Every market decline of this magnitude has its own unique precipitating causes, and the current episode is a response to two issues: severe inflation, and the extent to which the economy might be driven into recession by the Federal Reserve’s somewhat belated efforts to root that inflation out. (Russia’s war on Ukraine, supply chain issues and such are surely contributing to the angst, but recession vs. inflation is the main event, in my judgment).

Taking a different look at it (and the correct look at it, in my opinion) is that this is necessary and good for the long-term investor.  Let me explain.

From March 2009 (when the equity market bottomed at the end of the Global Financial Crisis) through the end of 2021, the S&P 500 produced an average annual compound return of 17.5%. Indeed, over those last three calendar years (2019 – 2021), despite a hundred-year global health crisis that carried off millions of people worldwide, the Index compounded at 24% per year. This was one of the greatest runs of all time.

But it’s evident that some part of that extraordinary rise in equity values was due to excessive monetary stimulation by the Fed.  Translation:  The steep rise was unsustainable, and we are having to give some of that gain back as the Fed moves to bring the resultant inflation under control.

We should, I believe, want them to do this, even if it means the economy slows. In the long run, the cure (possible recession) is not more painful than the disease (inflation).  As I mentioned here, this situation is eerily similar to the economy of the late 70s/early 80s when inflation was much worse.  Back then, once they tamed inflation, we experienced the longest Bull Market of all time from 1982-2000.

Let me be clear about the most important takeaway from all this: for long-term investors, capitulation to a bear market by selling out has often proven to be a tragedy from which their retirement plans may never recover. Our investment policy is founded on acceptance of the idea that the only way to be reasonably assured of meeting our long-term goals is to ride out the occasional declines on the market, even when they seem like they’ll never end.  

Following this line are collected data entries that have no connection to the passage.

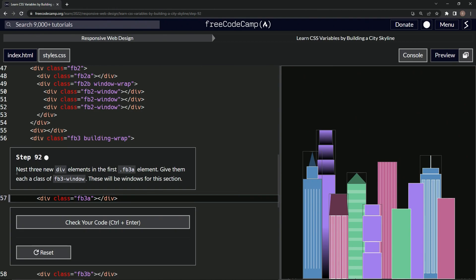So now we're going to nest three new div elements in the first FB3A element and we'll give them each a class of FB3 window. These will be windows for this section.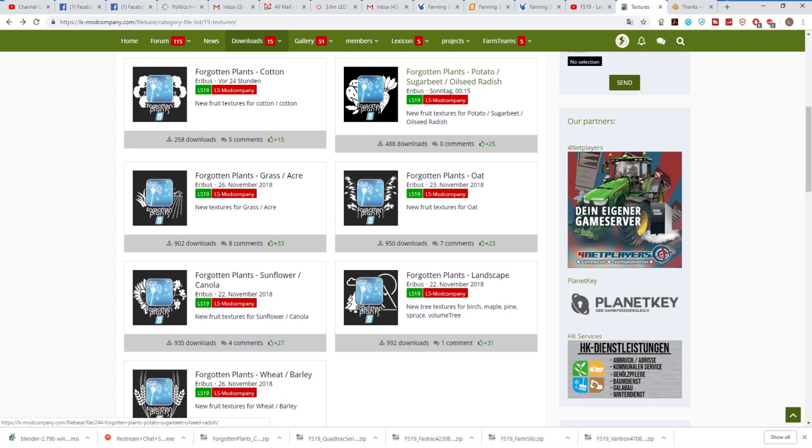The Sunflower and Canola package, the Landscape package, and the Wheat and Barley package. Each of those will deal with the textures of each particular crop. Obviously cotton for cotton, potato for root crops, grass for grass and acreage, oats for oats, sunflower canola for sunflower canola, wheat and barley for wheat and barley.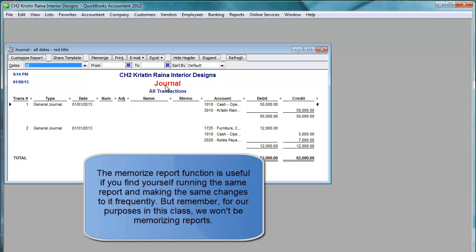So go ahead and experiment with this if you want. But for our purposes we will not be memorizing any journal reports or any other reports.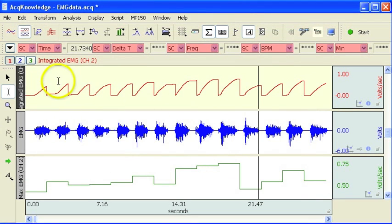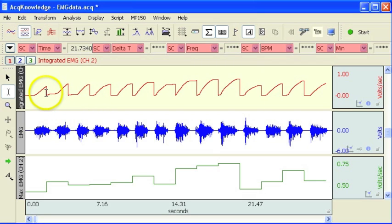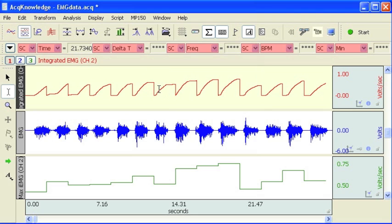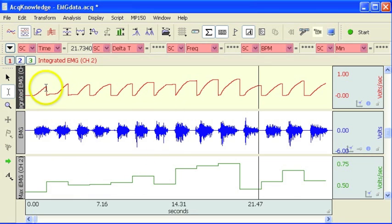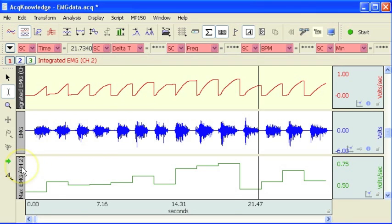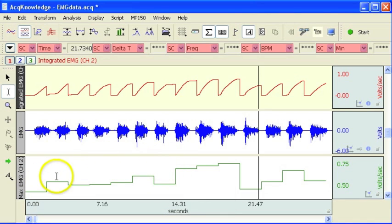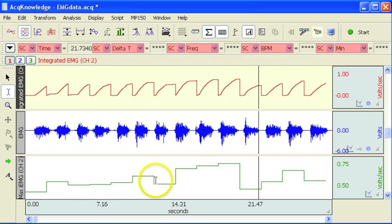Here we have a series of ramps, and you can see the waveform is reset at these 2 second bins. Obviously the higher this waveform, the higher the amount of EMG activity. In addition to giving the actual waveform — the integrated waveform, the sawtooth signal — we also give you the maximum integrated EMG for each of the 2 second bins.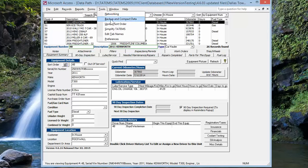We talked last week about the backup and compact data, being able to choose the data location of where you want to save your backups to. We've added that feature.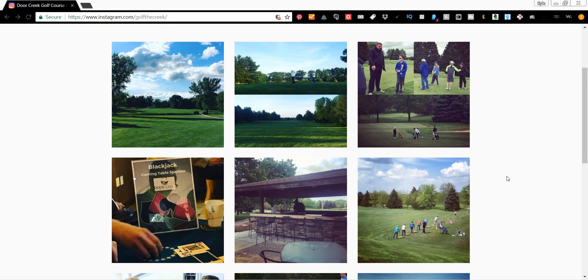Hey everybody, it's Kyle with Way of Life Media, and today I'm going to show you how to easily download the highest resolution photo that Instagram allows, and then also work with it in Photoshop easily.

My mission continues: not to insulate you from short- to intermediate-term volatility, but to minimize your long-term regret – the regret that has always followed a fear-driven exit when equities resume their long-term advance.  As they always have.

I continue to counsel staying the course. I’m always here to talk this through with you.

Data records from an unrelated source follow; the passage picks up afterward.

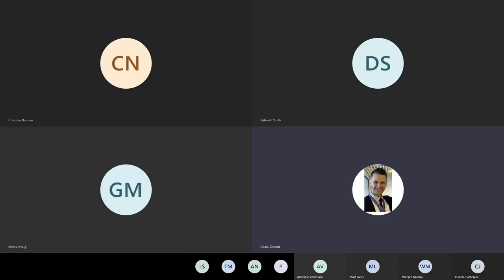Thank you everyone for joining me. My name is Adam Grocott. I'm a maths teacher from Jersey in the Channel Islands. Today I'm going to be sharing with you some hints and tips as to how I teach mathematics and how I get my students to learn mathematics through Microsoft OneNote.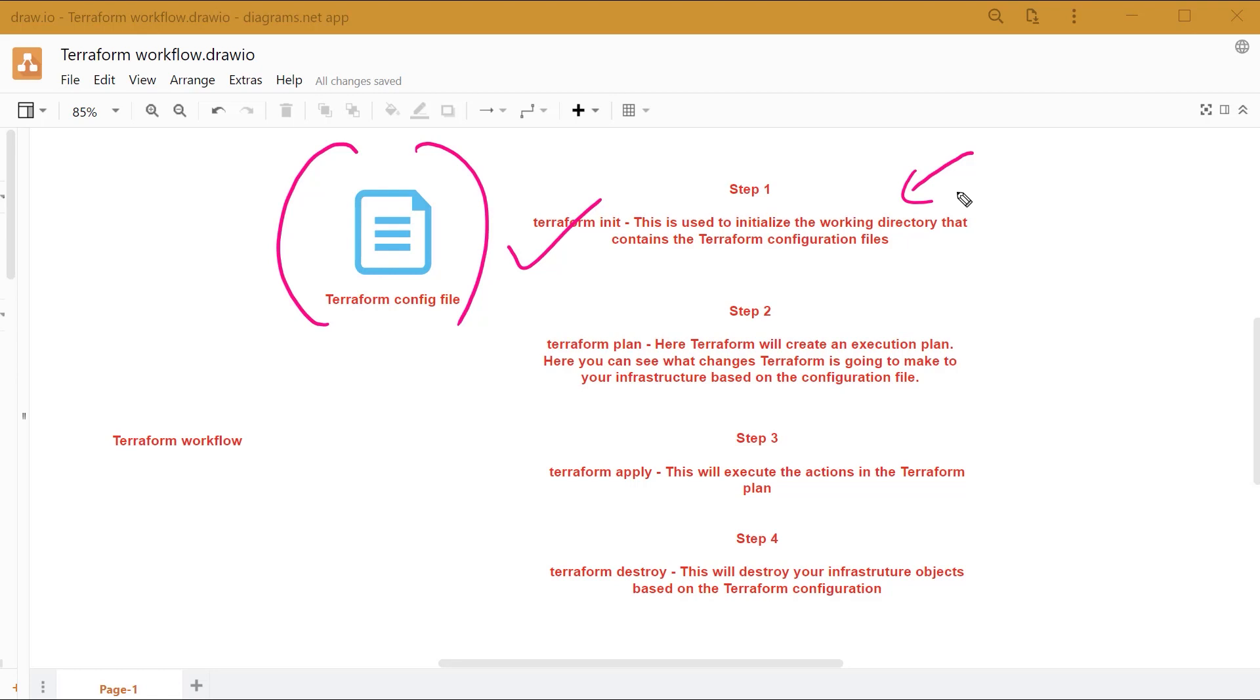The next step is to use the Terraform plan command. Terraform will create something known as an execution plan. Here you can see what changes Terraform is going to make onto your infrastructure based on the configuration file.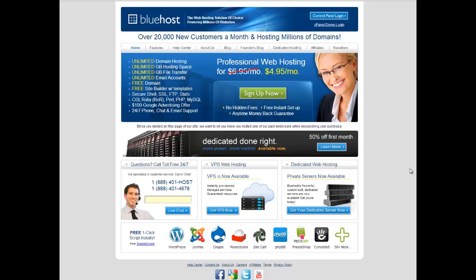Alright, so let me introduce you to a great web hosting service online. I use Bluehost.com. I've used them since the beginning and these guys are fantastic. They've got over 20,000 new customers a month and they host millions of domains just like you see at the top there of the screen. This is the main page of their website, their homepage.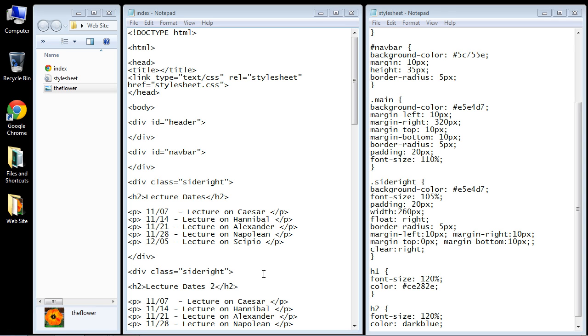Welcome to the seventh video on CSS layouts. In this video we're going to add another sidebar, but this time we're going to use an image and that image will cover the entire area of the sidebar.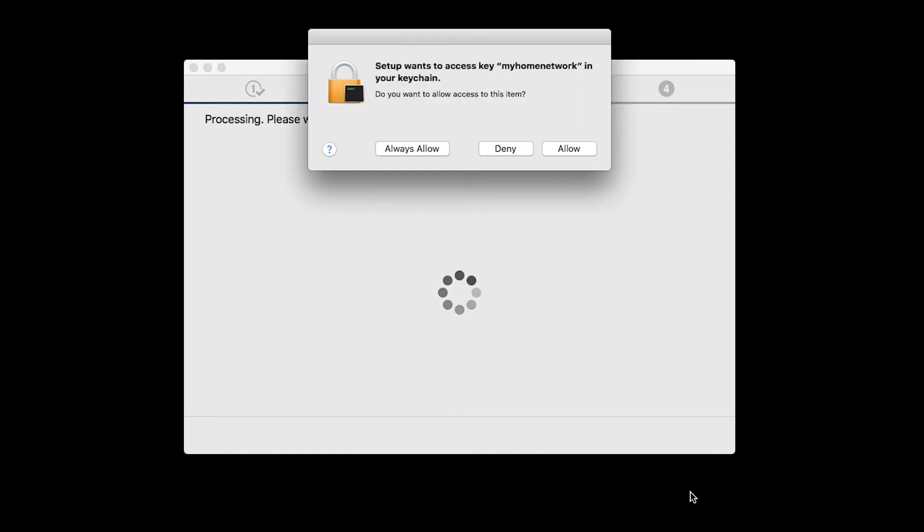A box will appear asking for access to the WiFi password in your keychain. If you didn't save your password to your keychain, you'll need to enter it to continue. Click Allow to proceed.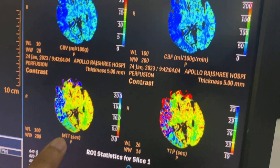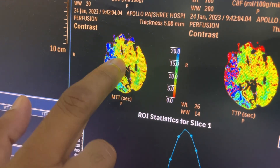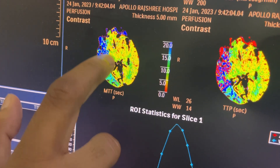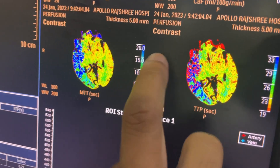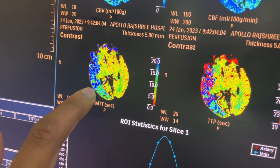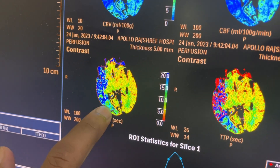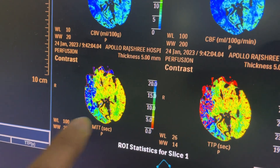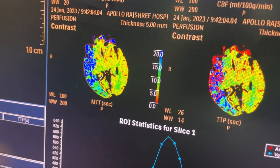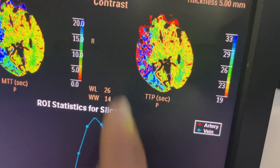Mean transit time (MTT) means: suppose your RBC starts here — how much time does it take to traverse this whole portion of the brain? You can see this portion of the brain is in the blue range on the scale, meaning MTT is high, while the other portion is yellowish-green. A higher MTT means the blood flow is very low, and the RBC is taking a very large amount of time to pass through this part of the brain — meaning it is already damaged.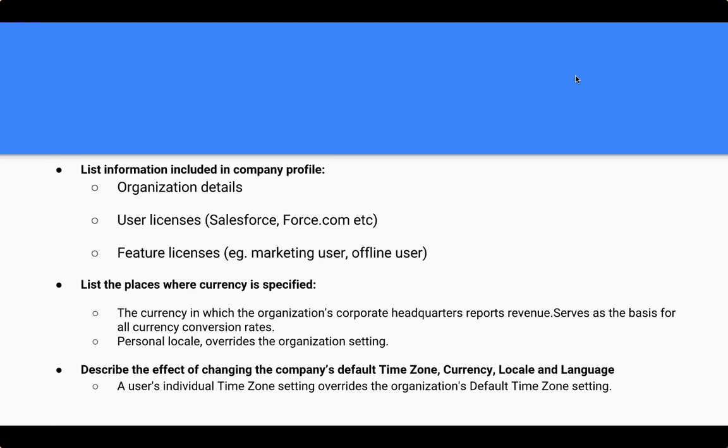So the personal locale overrides the organization setting. So someone in China will see their currency in the Chinese currency, right? However, when the head office looks at their currency, they will see it in, for example, in this case, South African Rand. And so often companies will choose the U.S. dollar as their primary currency. But obviously, it's not easy for a subcompany in Singapore or in South Africa or elsewhere to see their country's currency reflected in someone else's currency. So this is where you really put in those parameters: who's going to see what and who's going to be working in what denomination?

The opinions voiced in this material are for general information only and are not intended to provide specific advice or recommendations for any individual. All performance referenced is historical and is no guarantee of future results. All indices are unmanaged and may not be invested into directly.  

Economic forecasts set forth may not develop as predicted and there can be no guarantee that strategies promoted will be successful.

Investing includes risks, including fluctuating prices and loss of principal.

References to the S&P 500 Index are for illustration purposes only.  You cannot invest directly in an index.